Hence the expected proportion of infected nodes reaches 100% as the protocol keeps running. But this begs the question, how long in practice do we have to wait before the whole cluster gets the new message with high probability? Let’s call \(T_{1\over2}\) the number of rounds when half of the cluster gets the update, i.e., at \(T=T_{h}\), \(\frac{x}{N}=\frac{y}{N}=\frac{1}{2}\). Therefore, from the expression for \(\frac{x}{N}\) above,

\[ \begin{align*} \frac{1}{2} &= \frac{N-1}{N-1+e^{N\beta T_{h}}} \\\\ \implies e^{N\beta T_{h}} &= N-1 \\\\ \implies N\beta T_h &= \ln\left({N-1}\right) \\\\ \implies T_h &= \frac{1}{N\beta}\ln\left({N-1}\right) \end{align*} \]
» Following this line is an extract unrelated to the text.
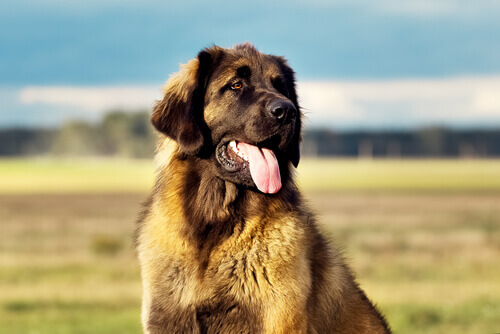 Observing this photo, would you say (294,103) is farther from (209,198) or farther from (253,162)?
(209,198)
Now using \(\beta = {f\over N}\), we get \(T_h = \frac{1}{f}\ln{\left(N-1\right)} = O\left(\ln{N}\right)\). Hence, the half life of the process is logarithmic in the number of participants \(N\). Now, to find the number of rounds it takes for \(99\%\) of the uninfected nodes to befome infected can be computed as:

\[ \begin{align*} \frac{N-1}{N-1+e^{N\beta T_{0.99}}} = 0.99 \\\\ \implies N\beta T_{0.99} &= \ln\left(\frac{N-1}{9}\right) \\\\ \implies T_{0.99} &= {\ln\left(\frac{N-1}{9}\right) \over N\beta } = O\left(\ln{N}\right)\\\\ \end{align*} \]
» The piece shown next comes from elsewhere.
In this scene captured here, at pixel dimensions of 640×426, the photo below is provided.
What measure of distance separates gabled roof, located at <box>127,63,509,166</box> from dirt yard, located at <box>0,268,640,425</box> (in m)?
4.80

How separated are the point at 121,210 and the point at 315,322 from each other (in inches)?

So we see that within a logarithmic number of rounds, a most of the nodes get infected with high probability.

Message load per member

A dissemination mechanism is no good if it puts unreasonable load on member nodes, and/or fails to spread out the load evenly across the cluster. In gossip based dissemination, each node sends out \(f\) messages, and receives on expectation \(f\over N\) messages per round. Since \(\Theta\left(\ln{N}\right)\) rounds are needed for a message to get to the whole cluster, the load on each node is also logarithmic in \(N\), and every node has similar load. This is quite nice, since one can grow the cluster to very huge sizes, and even then the load on each node remains reasonably low.

Conclusion

Gossip based protocols are amazingly simple and robust, which is why they form crucial elements of failure detection and membership layers of many large scale distributed systems. Note that I did not talk about nodes failing in this post, and the focus was on the use of gossip for dissemination. However, gossip itself can be used to implement failure detectors, like the SWIM failure detector(very readable paper). Here, every node periodically gossips cluster membership updates. The protocol is augmented with several features like acknowledgements and indirect acknowledgements allows the failure detector to scale with tunable false positive characteristics.